[[ Data excerpts open ]]

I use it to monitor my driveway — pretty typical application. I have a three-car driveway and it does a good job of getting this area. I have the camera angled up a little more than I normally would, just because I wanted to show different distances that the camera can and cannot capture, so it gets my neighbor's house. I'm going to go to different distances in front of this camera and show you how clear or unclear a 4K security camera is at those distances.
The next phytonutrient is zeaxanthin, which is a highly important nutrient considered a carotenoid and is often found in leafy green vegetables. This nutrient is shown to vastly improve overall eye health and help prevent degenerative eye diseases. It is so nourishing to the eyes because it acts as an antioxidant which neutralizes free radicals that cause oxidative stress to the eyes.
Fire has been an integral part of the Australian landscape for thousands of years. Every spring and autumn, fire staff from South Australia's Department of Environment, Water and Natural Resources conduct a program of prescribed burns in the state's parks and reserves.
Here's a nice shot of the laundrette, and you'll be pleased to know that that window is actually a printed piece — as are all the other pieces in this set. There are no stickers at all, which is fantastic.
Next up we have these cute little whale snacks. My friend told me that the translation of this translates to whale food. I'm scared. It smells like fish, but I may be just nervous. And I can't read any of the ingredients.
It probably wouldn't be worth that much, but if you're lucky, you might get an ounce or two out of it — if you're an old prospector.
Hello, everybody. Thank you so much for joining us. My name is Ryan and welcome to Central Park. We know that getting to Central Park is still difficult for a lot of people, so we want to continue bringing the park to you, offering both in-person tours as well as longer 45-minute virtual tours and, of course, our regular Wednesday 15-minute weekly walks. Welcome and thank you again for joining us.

[[ Data excerpts closed ]]
[[ Data excerpts open ]]

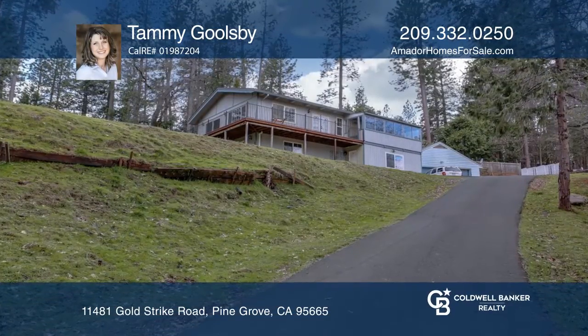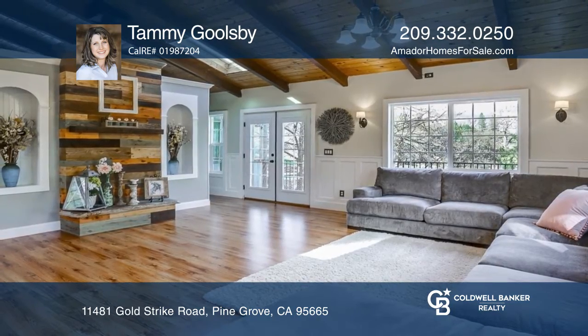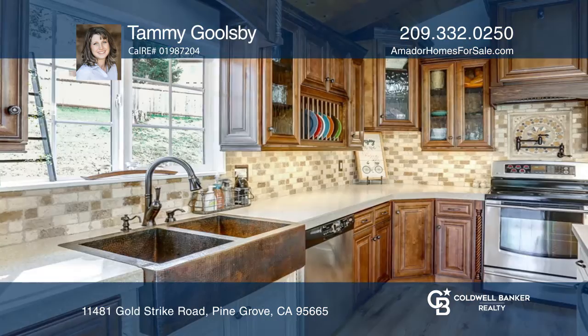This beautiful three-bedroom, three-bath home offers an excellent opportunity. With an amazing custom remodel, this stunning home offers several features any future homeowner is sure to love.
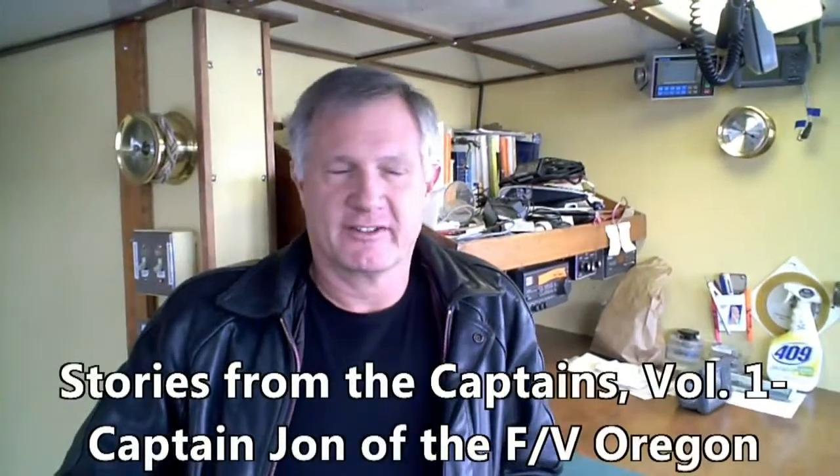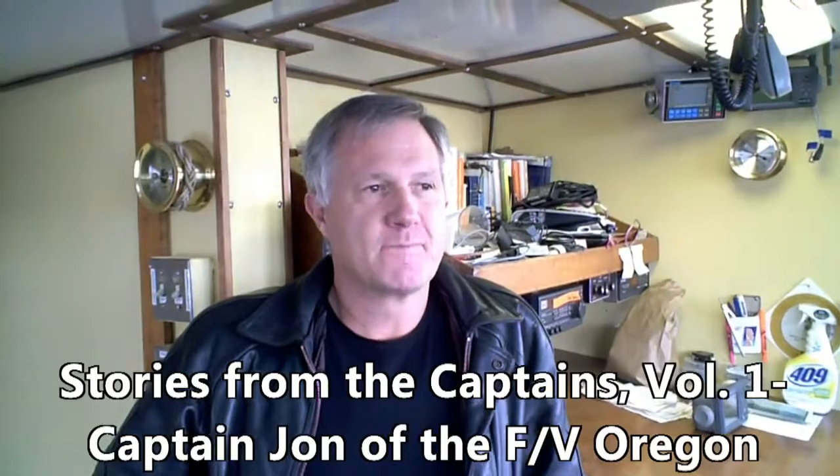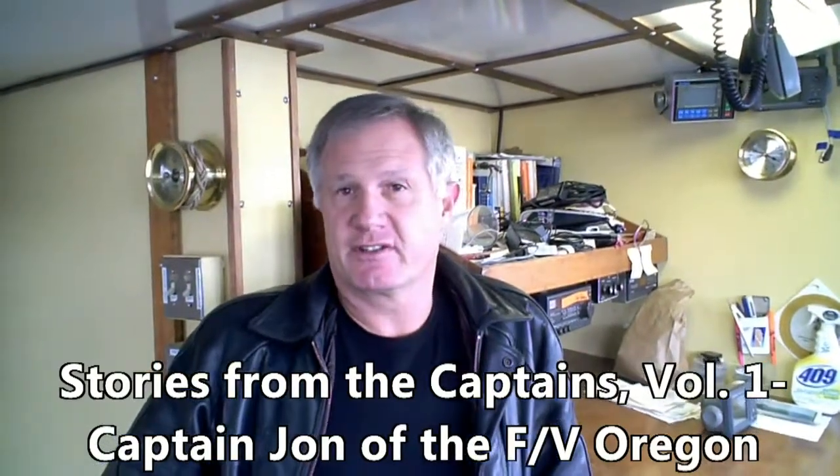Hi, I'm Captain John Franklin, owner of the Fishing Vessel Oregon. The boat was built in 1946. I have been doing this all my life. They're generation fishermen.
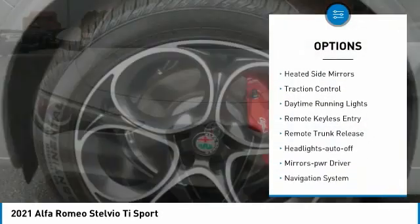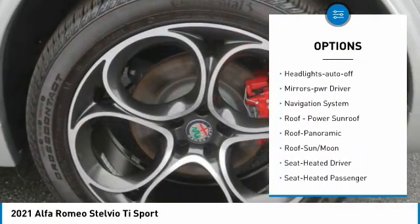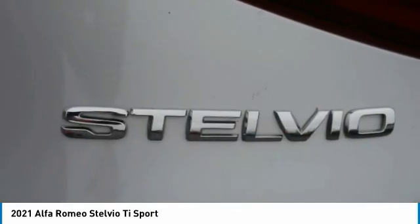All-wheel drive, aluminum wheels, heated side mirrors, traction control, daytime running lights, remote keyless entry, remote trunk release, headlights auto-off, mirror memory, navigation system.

[[ Data excerpts closed ]]

The answer is each line in which the word "little" occurs, copied from the material above.

I use it to monitor my driveway — pretty typical application. I have a three-car driveway and it does a good job of getting this area. I have the camera angled up a little more than I normally would, just because I wanted to show different distances that the camera can and cannot capture, so it gets my neighbor's house. I'm going to go to different distances in front of this camera and show you how clear or unclear a 4K security camera is at those distances.
Next up we have these cute little whale snacks. My friend told me that the translation of this translates to whale food. I'm scared. It smells like fish, but I may be just nervous. And I can't read any of the ingredients.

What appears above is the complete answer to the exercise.